DATA TO USE:
=-=-=-=-=

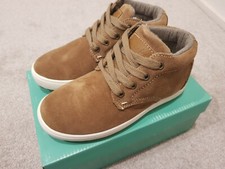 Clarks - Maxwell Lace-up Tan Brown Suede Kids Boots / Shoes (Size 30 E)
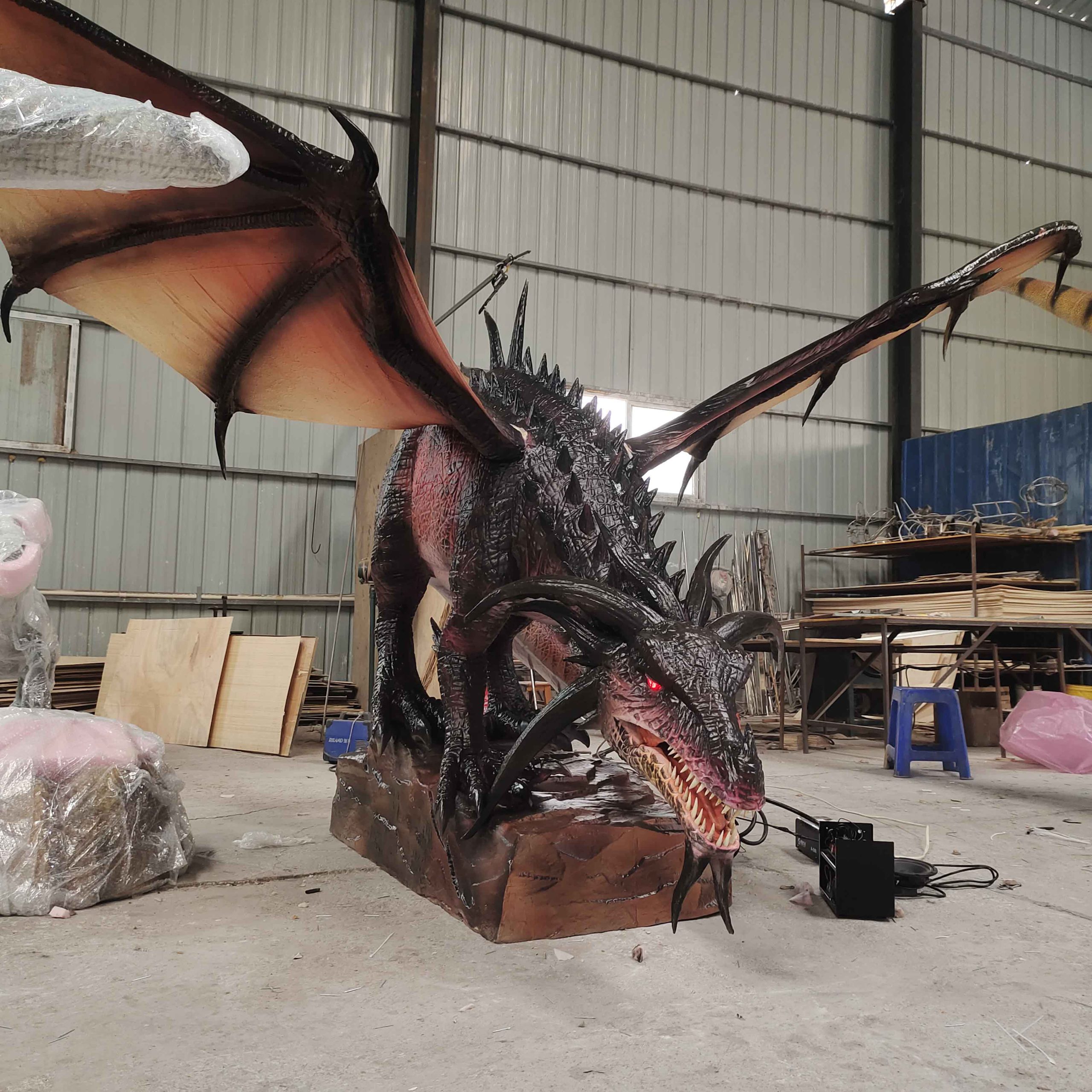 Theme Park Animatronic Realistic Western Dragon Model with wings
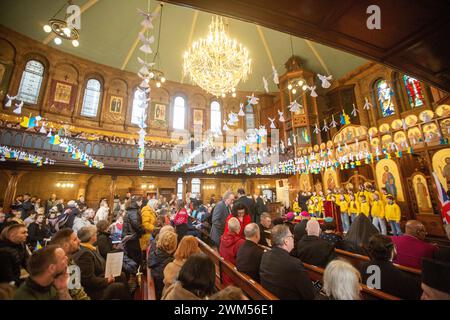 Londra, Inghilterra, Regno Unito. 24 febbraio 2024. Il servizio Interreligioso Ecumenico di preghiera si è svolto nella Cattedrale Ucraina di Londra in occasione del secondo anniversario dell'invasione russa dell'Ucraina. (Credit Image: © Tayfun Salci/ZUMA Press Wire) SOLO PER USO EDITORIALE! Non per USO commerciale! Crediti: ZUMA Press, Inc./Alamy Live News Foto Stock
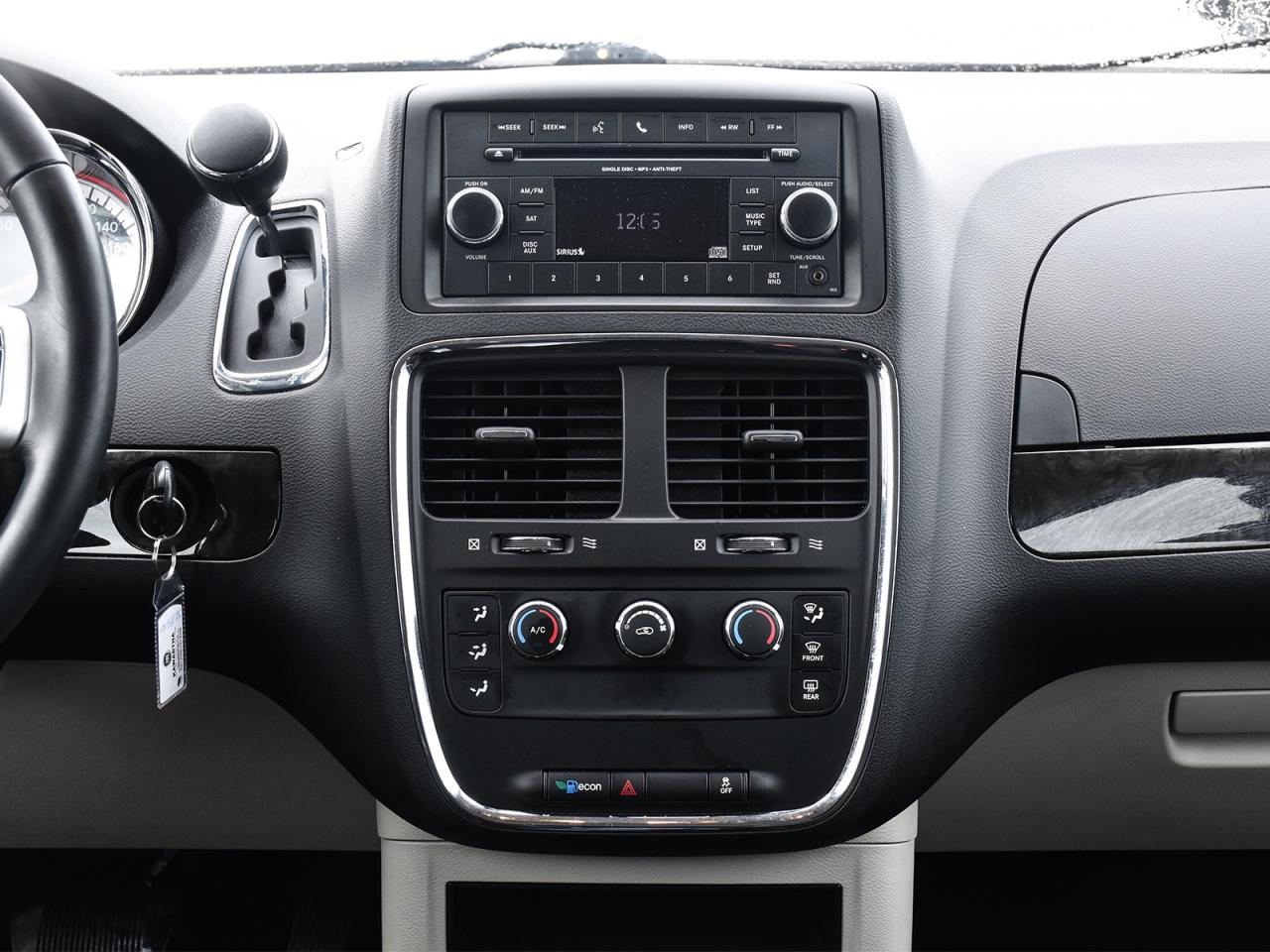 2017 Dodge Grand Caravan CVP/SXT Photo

=-=-=-=-=

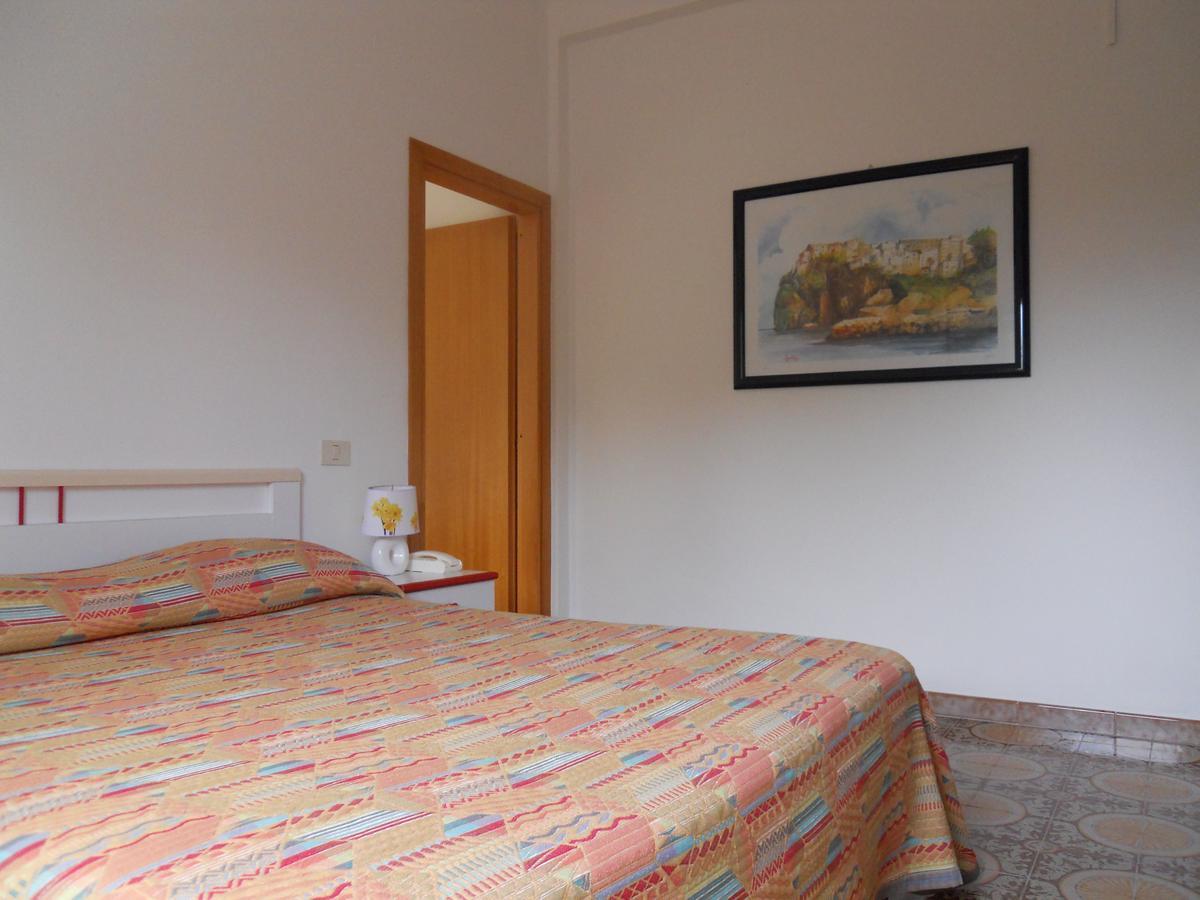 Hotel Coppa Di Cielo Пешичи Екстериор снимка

=-=-=-=-=

WHAT TO WORK ON:
Go back to the listing above and write out the lines starting at the one with "Londra, Inghilterra, Regno" and ending at the one with "2017 Dodge Grand Caravan CVP/SXT Photo", inclusive, exactly and without pictures.

TASK RESULT:
 Londra, Inghilterra, Regno Unito. 24 febbraio 2024. Il servizio Interreligioso Ecumenico di preghiera si è svolto nella Cattedrale Ucraina di Londra in occasione del secondo anniversario dell'invasione russa dell'Ucraina. (Credit Image: © Tayfun Salci/ZUMA Press Wire) SOLO PER USO EDITORIALE! Non per USO commerciale! Crediti: ZUMA Press, Inc./Alamy Live News Foto Stock
 2017 Dodge Grand Caravan CVP/SXT Photo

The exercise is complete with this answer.